As for public relation channels, earned media costs less and most times, doesn’t cost anything at all. Earned media also builds trust in your brand and credibility as well.

PR can help to put your message out there on a lower budget while extending the shelf life of your brand’s message.

With SEO (Search Engine Optimisation), news articles, blogs and social media posts remain searchable on search engines for as long as the pages exist.

This is beneficial as your audience will be able to look you up and see that you have been reviewed by trusted media sources without being paid.

In turn, this allows your audience to trust in your brand’s message and turn them into your customers. Their experience with your brand can convert them into customer advocates as well.. all from good PR messaging!

An additional facet when it comes to public relations is that it is able to advertise your business organically without conforming to traditional strategies.

PR campaigns and programs can elevate your company by targeting the right audiences. For example, if your product is for teenagers, a PR team can form a strategy that involves different teen magazines, media outlets, and social media influencers that teenagers follow.

So, depending on the strategy, a PR team can connect your business to the right people and media outlets, and also craft custom campaigns so you can optimally reach your target audience.

Brand Trust & Loyalty

We’ve mentioned brand trust and loyalty a few times already but how does PR play a part in instilling this?

Think about your trusted brands and why you keep buying from them.

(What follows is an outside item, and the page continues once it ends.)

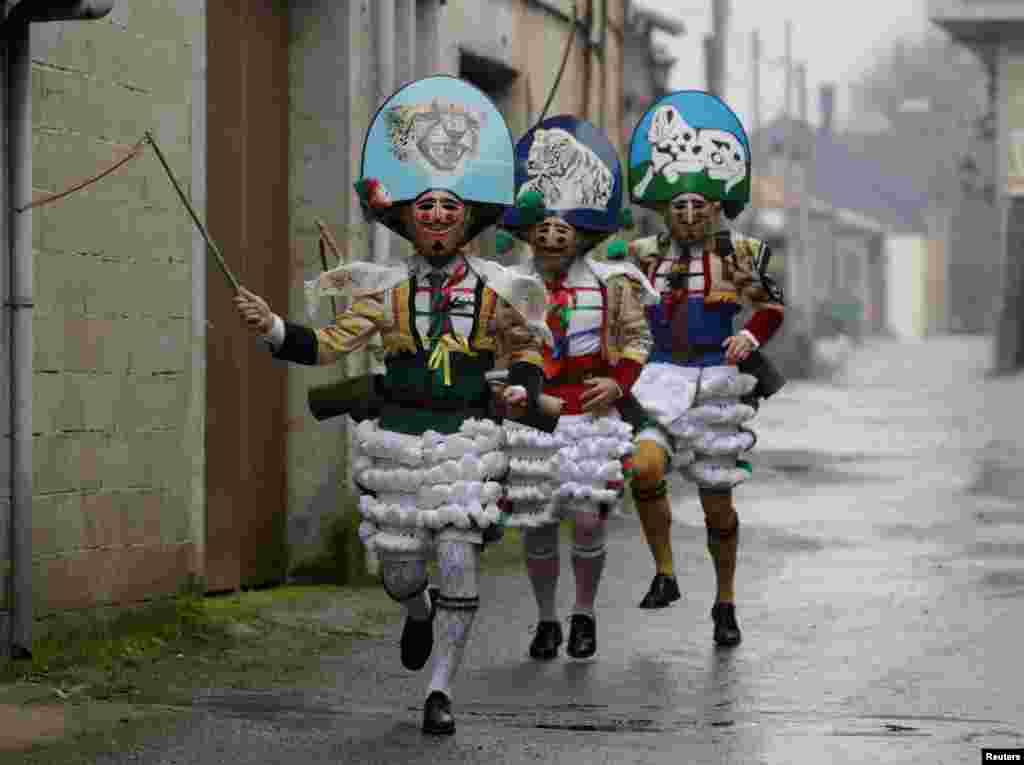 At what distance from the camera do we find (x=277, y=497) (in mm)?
10930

Perhaps it’s their stance on the environment or you like that they share knowledge about their industry.

Becoming a thought leader in your industry shows your target audience that you are an expert at your field and thus, offer the best products or services.

PR can help to position you as a thought leader by publishing white papers, case studies and also arrange for people in your company to become spokespeople. This helps to show everyone that your brand is an expert at what you do, and this instils trust among your consumers and gives your company credibility.

When it comes to talking to your target audience, a one-way form of connection where you just give them information can’t cut it anymore. PR can help you build mutually beneficial relationships with your consumers via social media or even through something they’re reading or watching.

This pushes consumers to want to interact with your brand and reach out via social media or other channels. Much like our everyday interactions, we’re more likely to trust someone we’ve built a relationship with and that applies to brands as well.

PR can also add value to your target audiences by answering questions, providing tips and also educating them on topics about your industry.

So, instead of just having products and services, you become a trusted brand who educates their customers and gives extra information which enriches their experience. This retains your customers and they’re more likely to come back to you in the future.

Key Takeaways –

Marketing can help your company build brand awareness and drive sales initially, but PR encourages long-term conversations about your brand while maintaining your company’s reputation. PR done right could blast your company’s message to a large audience while keeping costs lower compared to traditional marketing and advertising. Additionally, public relations can position your brand as a thought leader, making your company more credible and instilling brand trust and loyalty.